This notion of an infinite loop continually resolving a new promise should be avoided in Javascript. It can starve other events from getting a chance to be serviced.
Do Javascript promises block the stack
No, not the stack. The current job will run until completion before the Promise's callback starts executing.
When using Javascript promises, does the event loop get blocked?
Yes it does.
Different environments have different event-loop processing models, so I'll be talking about the one in browsers, but even though nodejs's model is a bit simpler, they actually expose the same behavior.
In a browser, Promises' callbacks (PromiseReactionJob in ES terms), are actually executed in what is called a microtask.
A microtask is a special task that gets queued in the special microtask-queue.
This microtask-queue is visited various times during a single event-loop iteration in what is called a microtask-checkpoint, and every time the JS call stack is empty, for instance after the main task is done, after rendering events like resize are executed, after every animation-frame callback, etc.
These microtask-checkpoints are part of the event-loop, and will block it the time they run just like any other task.
What is more about these however is that a microtask scheduled from a microtask-checkpoint will get executed by that same microtask-checkpoint.

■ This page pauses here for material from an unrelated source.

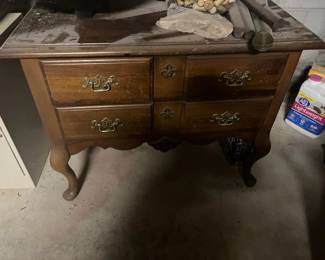 Lowboy Chest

This means that the simple fact of using a Promise doesn't make your code let the event-loop breath, like a setTimeout() scheduled task could do, and even though the js stack has been emptied and the previous task has been executed entirely before the callback is called, you can still very well lock completely the event-loop, never allowing it to process any other task or even update the rendering:
const log = document.getElementById( "log" );
let now = performance.now();
let i = 0;
const promLoop = () => {
// only the final result will get painted
// because the event-loop can never reach the "update the rendering steps"
log.textContent = i++;
if( performance.now() - now < 5000 ) {
// this doesn't let the event-loop loop
return Promise.resolve().then( promLoop );
}
else { i = 0; }
};
const taskLoop = () => {
log.textContent = i++;
if( performance.now() - now < 5000 ) {
// this does let the event-loop loop
postTask( taskLoop );
}
else { i = 0; }
};
document.getElementById( "prom-btn" ).onclick = start( promLoop );
document.getElementById( "task-btn" ).onclick = start( taskLoop );
function start( fn ) {
return (evt) => {
i = 0;
now = performance.now();
fn();
};
}
// Posts a "macro-task".
// We could use setTimeout, but this method gets throttled
// to 4ms after 5 recursive calls.
// So instead we use either the incoming postTask API
// or the MesageChannel API which are not affected
// by this limitation
function postTask( task ) {
// Available in Chrome 86+ under the 'Experimental Web Platforms' flag
if( window.scheduler ) {
return scheduler.postTask( task, { priority: "user-blocking" } );
}
else {
const channel = postTask.channel ||= new MessageChannel();
channel.port1
.addEventListener( "message", () => task(), { once: true } );
channel.port2.postMessage( "" );
channel.port1.start();
}
}
<button id="prom-btn">use promises</button>
<button id="task-btn">use postTask</button>
<pre id="log"></pre>
So beware, using a Promise doesn't help at all with letting the event-loop actually loop.
Too often we see code using a batching pattern to not block the UI that fails completely its goal because it is assuming Promises will let the event-loop loop. For this, keep using setTimeout() as a mean to schedule a task, or use the postTask API if you are in a near future.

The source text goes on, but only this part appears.